In this context, compliance with popular industry frameworks like SOC 2, ISO 27001, GDPR, etc. can generate instant comfort with prospects and trust in a company’s security process. Moreover, as information security is pivotal to SaaS businesses, Infosec compliance is a gamechanger for them. Infosec helps organizations to limit third-party risks, establish a great user experience without compromising on data security, avoid fines & penalties, ensure better reputation outcomes & relationships, and enables efficiency & effectiveness. Showcasing these compliances through a dedicated security page on a company website helps build trust from day 1 of the sales process and strengthen B2B SaaS foundation.


Q6- What are your thoughts on the new Digital Personal Data Protection Bill?

The data protection bill is a very welcome move. India’s startup ecosystem has outgrown its preparedness to handle PII in the past few years. While conscientious organisations have been using foreign laws like the GDPR as a benchmark, it’s high time that India has its privacy laws contextualised for local requirements. However, the success of its implementation will likely depend on two things- using automation to continuously monitor privacy controls owing to the huge unavailability of trained privacy folks and boards approving budgets for placing appropriate privacy controls in place.
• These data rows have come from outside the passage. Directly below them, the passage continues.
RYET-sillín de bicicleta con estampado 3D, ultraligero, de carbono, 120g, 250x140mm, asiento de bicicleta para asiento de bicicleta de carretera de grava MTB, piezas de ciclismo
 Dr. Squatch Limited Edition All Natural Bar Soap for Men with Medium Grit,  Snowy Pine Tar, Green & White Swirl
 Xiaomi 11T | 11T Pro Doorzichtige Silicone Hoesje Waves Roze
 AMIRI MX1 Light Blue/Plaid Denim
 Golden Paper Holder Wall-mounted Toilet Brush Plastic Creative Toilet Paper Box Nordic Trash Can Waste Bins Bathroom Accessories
Q7- Outlook for the infosec industry in 2023

Security and compliance will continue to be a key focus area in 2023. Gartner’s State of Privacy and Personal Data Protection report, 65% of personal information of the world’s population is covered by local and global privacy regulations. According to the same report, 63% of the organizations view compliance issues as critical barriers to growth. As a result, Information Security and Compliance automation will be the cornerstone of the industry, and is expected to become a $75 Bn industry by 2028

Such growth will be backed by the high frequency and sophistication of target-driven cyber attacks and enhanced demand for cyber-savvy boards and cybersecurity mesh throughout 2023 to tackle such attacks.


Q8- What best practices are organisations following to improve cybersecurity and data privacy preparedness?

The responsibility of protecting the business from cyberattacks falls upon every employee of an organisation, from end users to security professionals. Any negligence from their end can cause a significant security breach harming the business’ reputation and costing the company a lot of money. Thus, organisations must adopt the following best cybersecurity practices to improve their security standards.

  1. Deploying a multi-factor authentication (like a smart card with a PIN, strong password, or biometric) for users can prevent cyber attacks.
  2. Refreshing the organisation’s security network control is essential, like deploying additional network security software or adopting robust cloud-based security solutions.
  3. Security breaches and other incidents are inevitable. It will help if you remain prepared every time to handle the compromises to minimise the damage. Also, your business must be well-equipped to detect security threats/suspicious activities immediately. It can be done if companies have the latest security knowledge.
  4. Staying up-to-date with the current changes in the security world in areas such as threat detection, risk assessment, etc., immensely help to fill the gaps.


Q9- How is Scrut helping other startups?

At Scrut Automation, we make customers’ roadway for information security up to 5X faster and more convenient. We enable our customers to build infosec controls unique to their risk posture and comply with 21 industry standards, like SOC 2, GDPR, ISO 27001, PCI DSS, CCPA, HIPAA, etc., with minimal friction. With Scrut, our customers can reduce the amount of manual work needed to manage information security processes by up to 70%, speed up compliance audits by 5X, and get real-time visibility into their security posture.

By building a risk-first information security posture, organisations can be assured of a robust information security posture and inevitably comply with all necessary and relevant standards, enabling them to unlock growth.